Original article from Cargo Business News, September 17, 2014.
A new congressional effort is underway to revive screening 100 percent of containers prior to their arrival to U.S. ports.
Although Congress decreed in 2007 that all containers coming to the U.S. must be scanned by inspection and radiation detection equipment prior to being loaded onto U.S.-bound ships in foreign ports by July 1, 2012, the Department of Homeland Security has delayed that deadline.
The Government Accountability Office has identified problems and wasted spending on various cargo screening initiatives launched by Customs and Border Protection. In a report last year, CBP said that lack of foreign buy-in, logistical problems and costs were issues that thwarted the implementation of 100 percent container screening of U.S.-bound cargo containers at foreign ports.
Consequently, the U.S. only scans 3 percent of incoming cargo, according to Rep. Janice Hahn, D- Calif. Last week Hahn, whose district includes the Port of Los Angeles, introduced a bill that would test the implementation of 100 percent scanning technology at two U.S. ports.
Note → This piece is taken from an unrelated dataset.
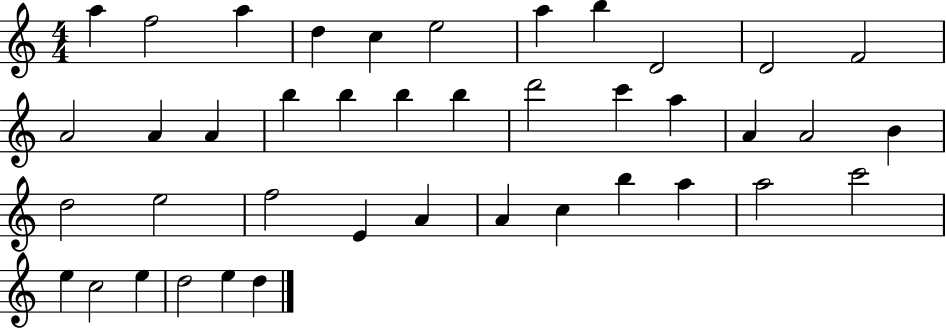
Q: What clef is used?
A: treble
“My bill would help demonstrate that scanning technology is effective and then we can move towards its widespread implementation so that 100 percent of shipping containers passing through all U.S. ports can be determined to be safe,” Hahn said.
Hahn spokesman Michael Levin Hahn has received briefings by scanning technology companies, including the Multi-Mode Passive Detective System made by Decision Sciences. Hahn’s legislation authorizes up to $30 million to carry out the pilot program.